The Intergovernmental Authority on Development (IGAD), a regional bloc for East Africa, said in a statement it had called the two-day meeting to “develop a clear roadmap” for the formation of the government, and tackle “pending tasks of the agreement

Government has insisted the meeting must focus on how to push forward with the formation of the unity government, while Machar’s camp wants a delay of six months to resolve issues such as security for his return.

According to Kiir’s spokesman Ateny Wek Ateny ,the president would be represented by members of his negotiating team.

However observers say that crucial steps envisioned in the deal such as establishing a unified army and discussing security control of the capital have yet to take place.

“We would like to see an extension being agreed upon by the parties, but we would also like to see that the government is committed politically and resources wise, so that we implement the activities in the agreement,” senior SPLM-IO member Kang Pal Chol told AFP.

“For now we believe we will reach a consensus,” he said, adding that Machar would attend the meeting in Addis Ababa.
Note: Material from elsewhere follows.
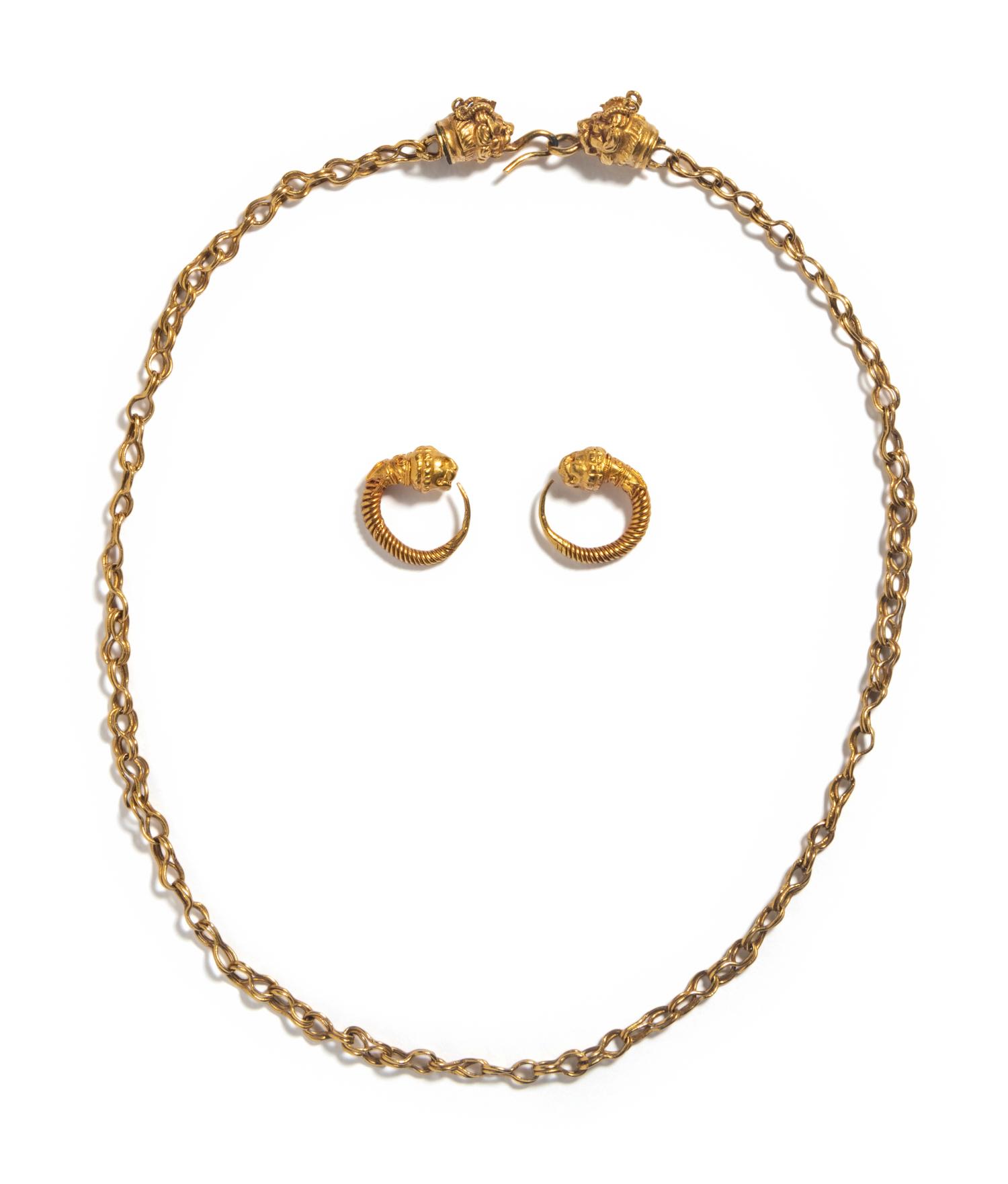 A Hellenistic Gold Necklace with a Pair of Hoop Earrings each with Lion-Head Terminals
President Salva Kiir, rebel leader Riek Machar and a handful of other groups inked the peace deal in September 2018, the latest in a long line of efforts to end a devastating conflict now in its sixth year.

The Addis meeting comes just days after it was revealed Kiir had hired an American lobby firm to block the formation of a hybrid African Union-South Sudan court to try war crimes, stipulated in the peace agreement.